▸ Exercise description
In this exercise, the entries below include pictures. Repeat exactly the lines from the line with "LIBERTY ROW - Residential" to the line with "New 2026 Star", including both, but without the pictures.

▸ Material supplied

* * * * *

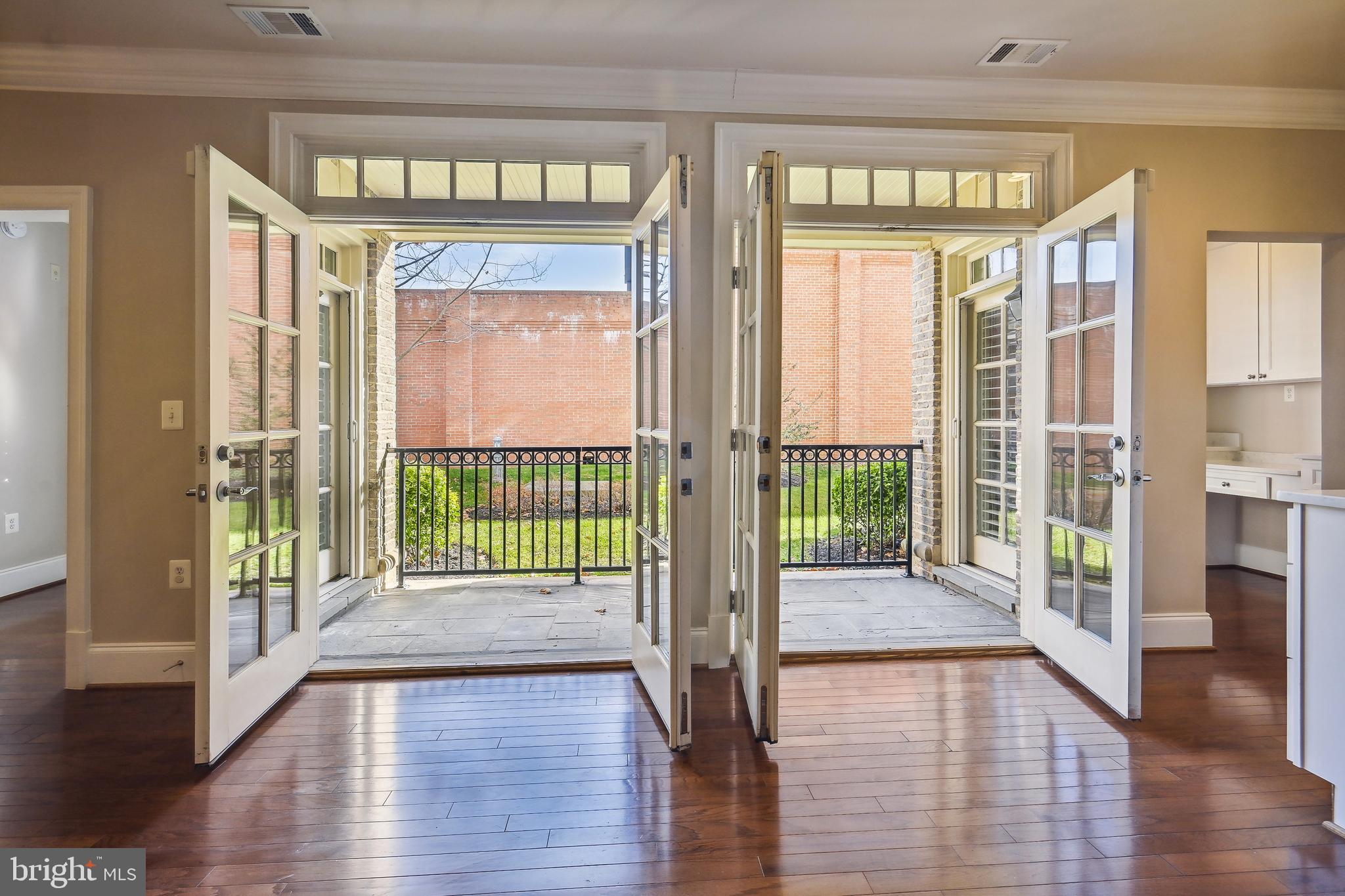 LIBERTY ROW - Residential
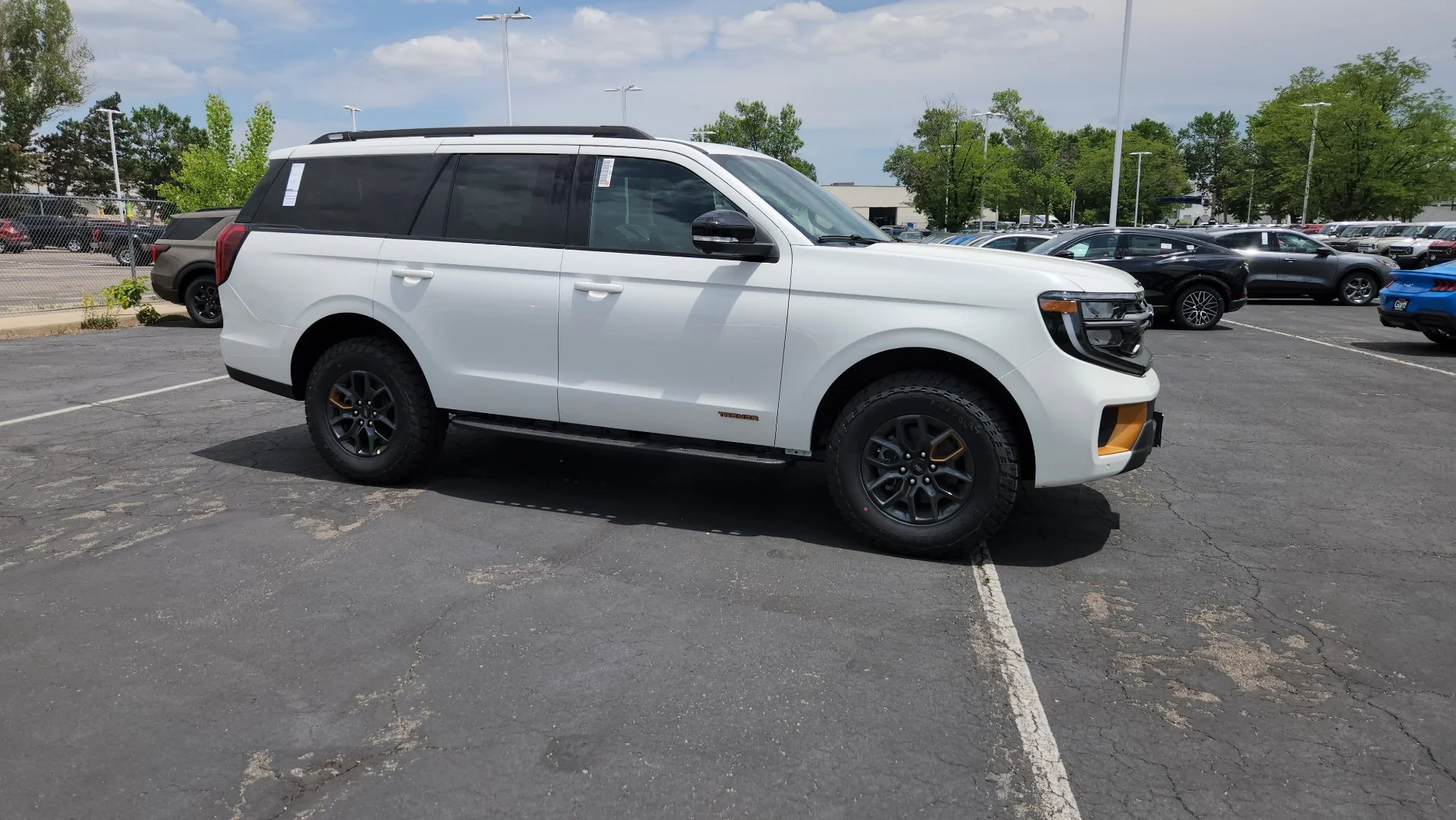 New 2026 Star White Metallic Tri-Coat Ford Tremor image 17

* * * * *

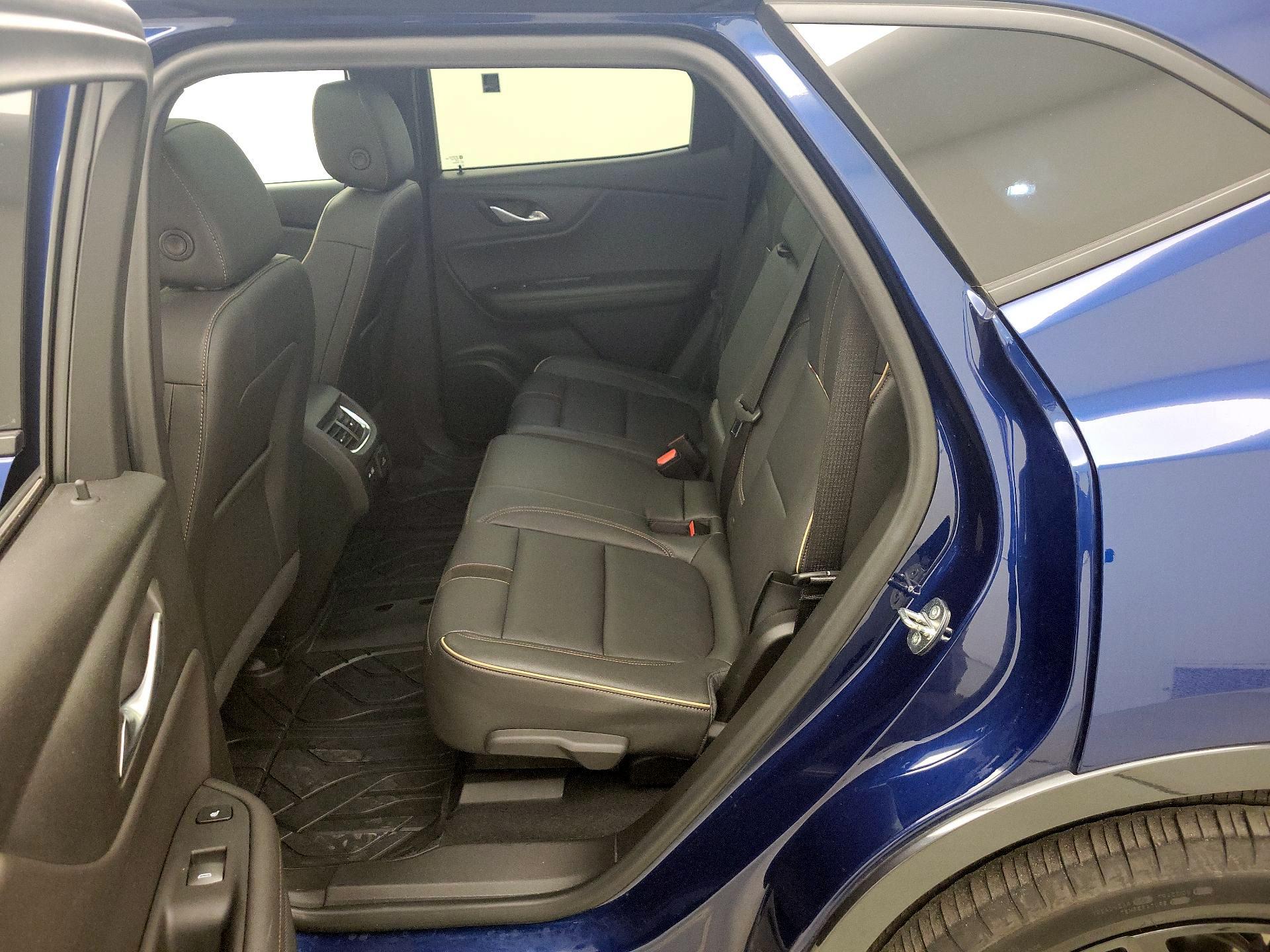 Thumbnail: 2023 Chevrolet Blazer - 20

* * * * *

▸ Response to this task
 LIBERTY ROW - Residential
 New 2026 Star White Metallic Tri-Coat Ford Tremor image 17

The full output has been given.